Interesting Historical Facts
Trading stamps are small paper coupons given to customers by merchants in loyalty marketing programs that predate the modern loyalty card. These stamps had no value individually, but when a customer accumulated a number of them, they could be exchanged with the trading stamp company (usually a third-party issuer of the stamps) for premiums, such as toys, personal items, housewares, furniture and appliances.
Gold Bond trading stamps were dispensed in strips at the time of purchase and pasted into books for saving.

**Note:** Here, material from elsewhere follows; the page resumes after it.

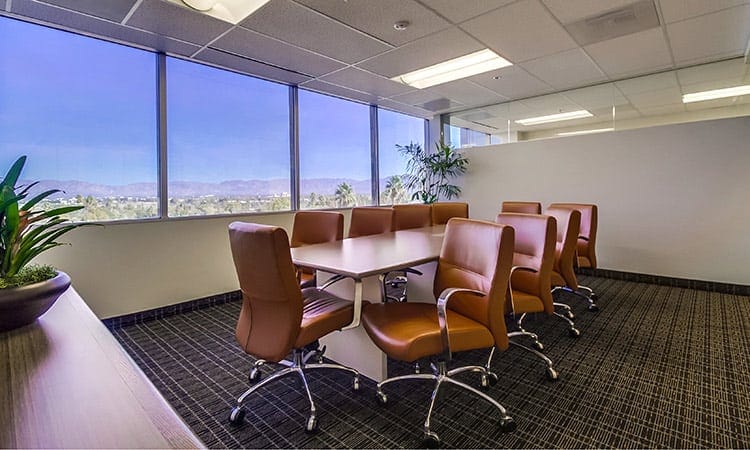 Barrister - 15760 Ventura Blvd - Encino image 4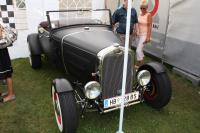 tattoo-hotrod-show-2011-29.JPG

The practice started in the 1890s, at first given only to customers who paid for purchases in cash, to reward those who did not purchase on credit. It grew with the spread of chain gasoline stations in the early 1910s and the then-new industry of chain supermarkets in the 1920s, and merchants found it more profitable to award them to all customers. Trading stamps were at their most popular from the 1930s through the 1960s.
An example of the value of trading stamps would be during the 1970s and 1980s where the typical rate issued by a merchant was one stamp for each 10¢ of merchandise purchased. A typical book took approximately 1200 stamps to fill, or the equivalent of US $120.00 in purchases.
Plaid Stamps sign at Cracker Barrel restaurant in Lubbock, Texas
In the United States, the most popular brand of trading stamps was "S&H Green Stamps", sometimes informally simply known as "green stamps". Other larger brands, included "Top Value Stamps", "Gold Bond Stamps", "Plaid Stamps", "Blue Chip Stamps", "Buccaneer Stamps", and "Gold Strike Stamps". "Texas Gold Stamps" were given away in their namesake state mainly by the H-E-B grocery store chain, and Mahalo stamps in Hawaii.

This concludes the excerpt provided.